I ventured up to San Francisco last week to take in a convention-center-full of ideas and gardening joys.  To my delight, there was a clear focus on edible landscaping and home food-gardening that offered fresh insight for home growers. A few favorites jumped out, so let’s get right to it:

Ediblelandscaping

Star Apple Edible Gardens created a beautiful “urban home” in a giant tent all to itself

The beautiful combination of red and green cabbages along with fennel and herbs mixed well with succulents and non-edible plants.  In the back sits a hexagonal bee hive for attracting pollinators to the garden.

The garden also featured a chicken coop (complete with a couple of hens) and a dining table lined with wooden crates of flowers.

diningtable

Perhaps my favorite element of design was the use of wooden kitchen spatulas as plant markers:

spatulagarden

If not reusable from season to season, wooden spatulas are biodegradable

I also liked the patterns of alyssum and pansies in between the veggies.  Even if only for design purposes in a display garden, the idea could translate to a working garden with a little more spacing between plants.

Another fun display inside the main garden design building featured a straw bale vegetable garden:

strawbalegarden

This garden will decompose as it grows, making the soil beneath it rich and fertile for next year’s garden

Ah Sam florist came up with some great ideas for small space gardeners in addition to the straw bale demo.  I’m going to try this with all the terra cotta pots I have lying around the back yard:

potgarden

Tuck herbs into stacked pots filled with soil.  It looks like they used mortar or glue to keep the pots from toppling over each other.

Rosalind Creasy was on hand to give a lecture on Edible Landscaping, her newly released book. She shared some of her fantastic photos from her garden in Palo Alto, which she changes out twice per year (with 20 hours of gardening help per week – so don’t feel bad).

RosalindCreasyGarden

This is my photograph of her slide show – which is all her own photography.  Rosalind is a photographer by trade and my blurry pictures don’t do her photos justice.

I came away from the San Francisco Garden Show feeling rejuvenated and refreshed. I also came away with a full suitcase of goodies: a new digging fork from Lee Valley Tools (with free shipping),  2 deep burgundy dahlias from Dan’s Dahlias,  Black Cumin seeds from Seed Savers Exchange, and a bunch of free catalogs and reading material.

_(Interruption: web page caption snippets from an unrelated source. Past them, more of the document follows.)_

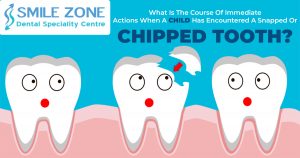 What-is-the-course-of-immediate-actions-when-a-child-has-encountered-a-snapped-or-chipped-tooth
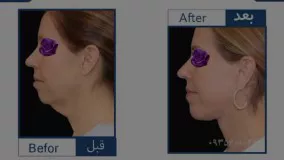 عمل جراحی زیبایی غبغب در مشهد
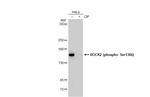 Phospho-ROCK2 (Ser1366) Antibody in Western Blot (WB)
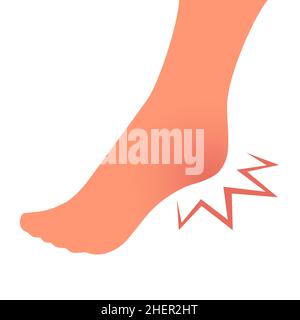 Leg with heel pain. Orthopedic disease plantar fasciitis. Beauty and health of feet. Vector isolated illustration Stock Vector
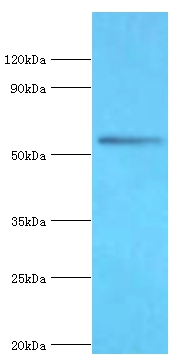 BRD9 Polyclonal Antibody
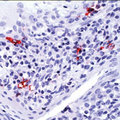 CD1A Antibody - Formalin-fixed, paraffin-embedded human tonsil stained with peroxidase-conjugate and AEC chromogen. Note membrane staining of interdigitating cells of stratified squamous epithelium of tonsil. This image was taken for the unmodified form of this product. Other forms have not been tested.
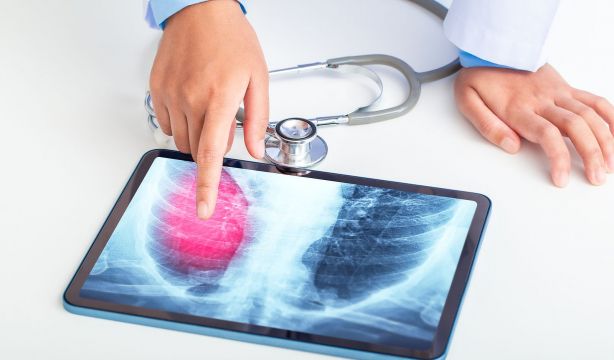 ¿Debería haber límite de edad para un trasplante de pulmón? Hay debate científico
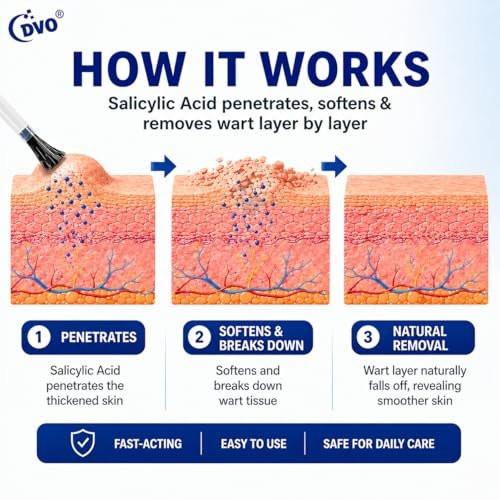 DVO 20% Salicylic Acid Wart Remover Liquid, Maximum Strength Fast-Acting, Painless Wart Removal, Common & Flat Warts, Foot Corn, for Men & Women, 30ML - görsel 6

Now that’s what I call a good time!

This Post Has 2 Comments

  1. Christy Wilhelmi

    It’s a standard bale of straw that has about 4-6 inches of compost/potting soil on top. The whole thing is soaked with water and the plants are planted right on top. The roots will penetrate the soil and bale..  Here’s a site that tells you how to do it. http://www.no-dig-vegetablegarden.com/straw-bale-gardening.html

  2. Pia

    hi Christy! SO beautiful, was just wondering how that bale was set up. I have different herbs and maybe can go to something like that bale!